WASHINGTON – A Canada-U.S. trade war is apparently looming as Ottawa threatens “retaliatory measures” against the United States in a continuing dispute over meat labelling.
The U.S. government announced new regulations Thursday on “country-of-origin labelling” (COOL) that would track beef and hogs from livestock right through the meat processing and distribution systems.
Tom Vilsack, U.S. agriculture secretary, said the new rules are aimed at resolving the tense trade dispute between Canada, the U.S. and Mexico.
“USDA remains confident that these changes will improve the overall operation of the program and also bring the mandatory COOL requirements into compliance with U.S. international trade obligations,” he said in a statement.
But Canada sees little evidence in the new rules of any serious attempt by Americans to resolve the issue.
“Canada is extremely disappointed with the regulatory changes put forward by the United States today,” Agriculture Minister Gerry Ritz and Trade Minister Ed Fast said in a joint release.
The ministers said the U.S. regulations will not bring the Americans into compliance with last year’s ruling by the World Trade Organization, which found the labelling system discriminated against foreign livestock and was not consistent with U.S. trade agreements.
“Canada will consider all options at its disposal, including, if necessary, the use of retaliatory measures,” said the release.

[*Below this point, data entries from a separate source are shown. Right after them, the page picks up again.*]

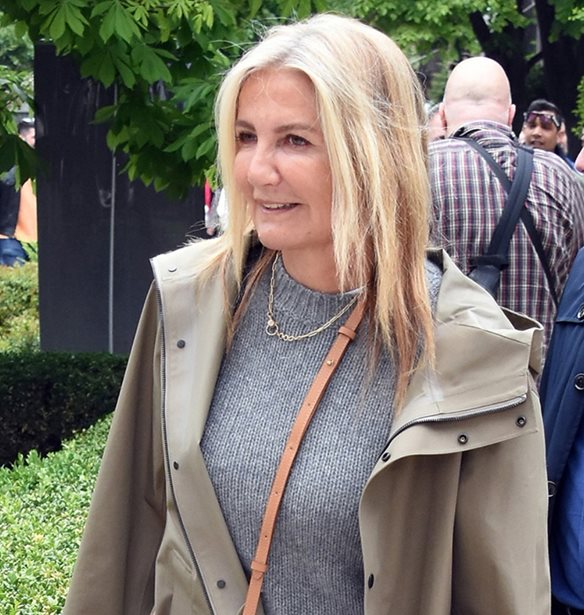 &#x3A4;&#x3BF; &#x3B1;&#x3BD;&#x3BF;&#x3B9;&#x3BE;&#x3B9;&#x3AC;&#x3C4;&#x3B9;&#x3BA;&#x3BF; casual look &#x3C4;&#x3B7;&#x3C2; &#x39C;&#x3B1;&#x3C1;&#x3AD;&#x3B2;&#x3B1;&#x3C2; &#x393;&#x3BA;&#x3C1;&#x3B1;&#x3BC;&#x3C0;&#x3CC;&#x3C6;&#x3C3;&#x3BA;&#x3B9;-&#x39C;&#x3B7;&#x3C4;&#x3C3;&#x3BF;&#x3C4;&#x3AC;&#x3BA;&#x3B7; &#x3BC;&#x3B5; &#x3C4;&#x3B1; items &#x3C0;&#x3BF;&#x3C5; &#x3BA;&#x3AC;&#x3B8;&#x3B5; &#x3B3;&#x3C5;&#x3BD;&#x3B1;&#x3AF;&#x3BA;&#x3B1; &#x3AD;&#x3C7;&#x3B5;&#x3B9; &#x3C3;&#x3C4;&#x3B7; &#x3C3;&#x3C5;&#x3BB;&#x3BB;&#x3BF;&#x3B3;&#x3AE; &#x3C4;&#x3B7;&#x3C2;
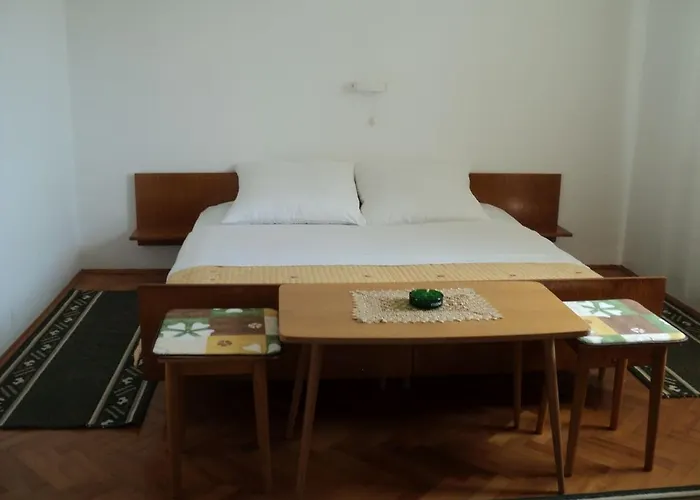 Guest house Double Banjol 11716b Banjol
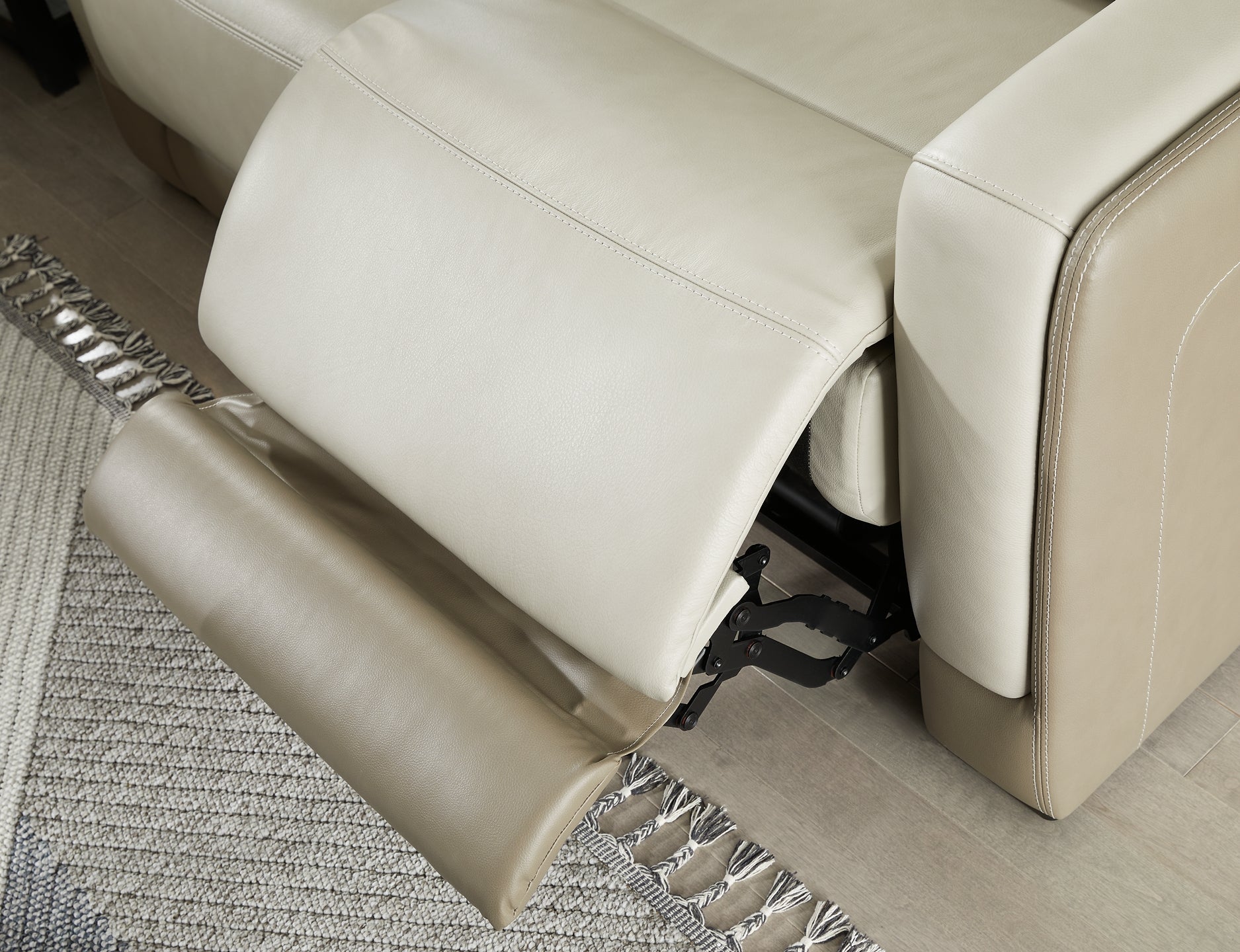 Battleville Sofa and Loveseat at Walker Mattress and Furniture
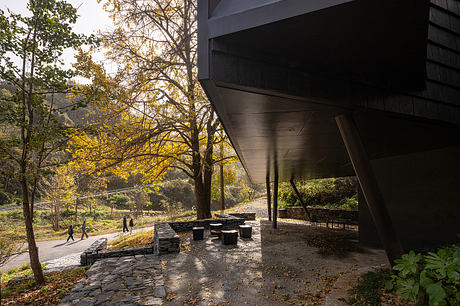 Ginkgo Valley Treehouse by Moguang Studio - 6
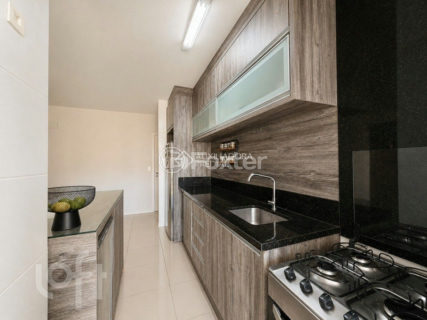Image 7 - 1041472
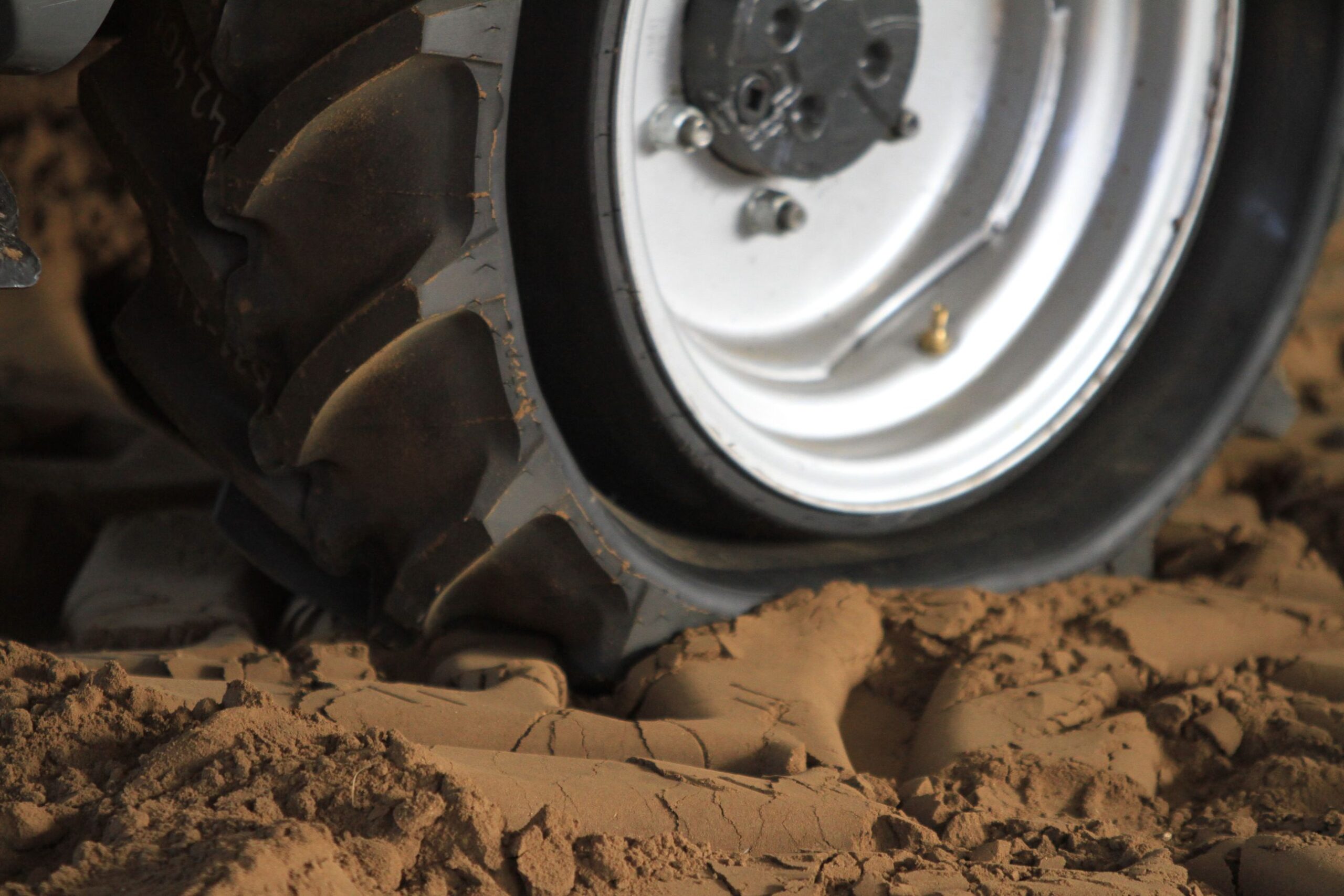 wypadki na polu, dziecko pod kołami traktora, Łyśniewo Sierakowickie, powiat kartuski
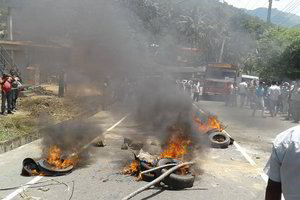 Šri Lankoje nepaisant nepaprastosios padėties vėl įsiplieskė riaušės prieš musulmonus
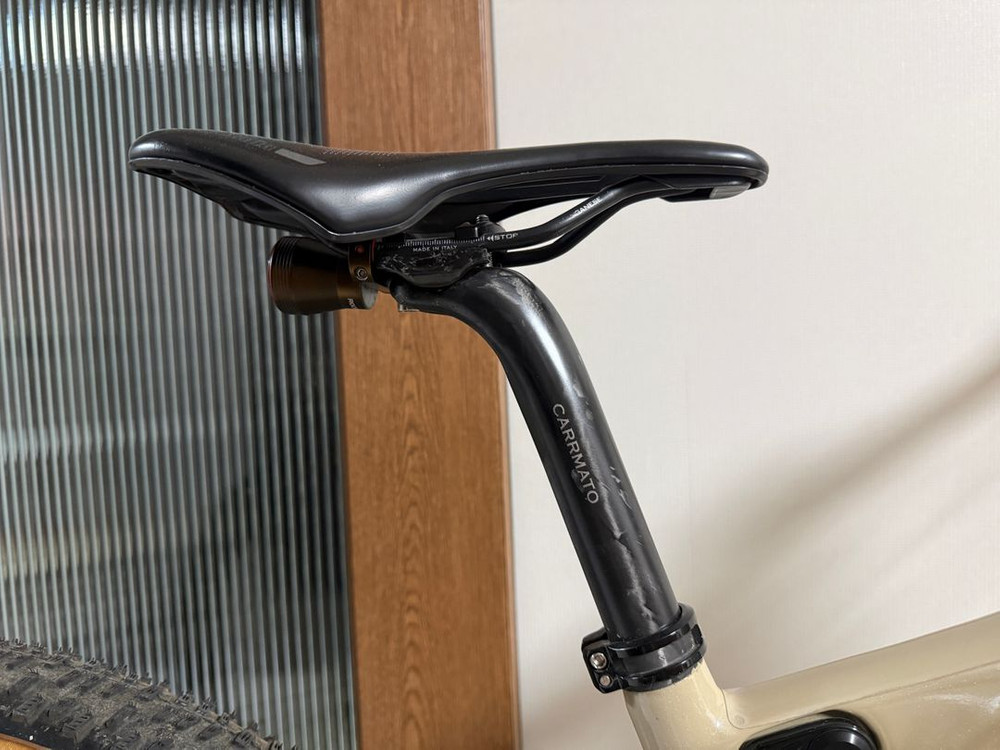 위아위스 알페카 S사이즈 완성차(스램 전동 구동계) 판매 합니다.--6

Indeed, Canadian officials were rumoured to be drawing up a “retaliation list” of U.S. products, setting the stage for a full-fledged trade war.
Earlier Thursday, Ritz addressed the issue while on a trade mission in Kazakhstan.
“Even their own industry has come forward and said this is going to cost them hundreds of millions of dollars as well to comply, so we are analyzing what they come forward with,” he said on a conference call.
“Of course the next step is to go back to the WTO. That will take a month or two as the Americans try to sell what they come forward with and we try to convince the WTO that it is completely off the mark.”
In addition to fighting the U.S. move, Ritz said Canada must focus on finding new markets for its meat products.
“As the Americans are making their market tougher for us to get into, then it is incumbent on governments to get out around the world and start putting more market share in other than the American market.”
The NDP urged the government to stand firm on the issue.
“New Democrats believe that fair, robust trade rules are critical to the success of our industries,” Don Davies, the party’s trade critic, said in a news release.
“The government must step up and protect these important sectors.”
Under the new regulations, the U.S. government now requires meat packers to explicitly list the origin of beef, pork and chicken sold in American grocery stores.
Labels will include such information as “born, raised and slaughtered in the United States” for American meat. Cuts of meat from other countries could carry labels such as “born in Canada, raised and slaughtered in the United States.”
Canada has long objected to the labelling system on the grounds that it’s costly, burdensome and is leading to the “disintegration” of the North American supply chain.
The labelling system, first implemented by the U.S. in 2008, cut Canadian cattle shipments to the U.S. by 50 per cent within a year and cut the export of slaughter hogs by 58 per cent.
The Canadian Pork Council estimates the labelling rule has already cost Canada about $1 billion annually in beef and pork exports.
The USDA says its country-of-origin labelling system was designed to help consumers make informed decisions about food choices.
The measures are popular in the United States, backed by many American consumer groups and some farm groups too.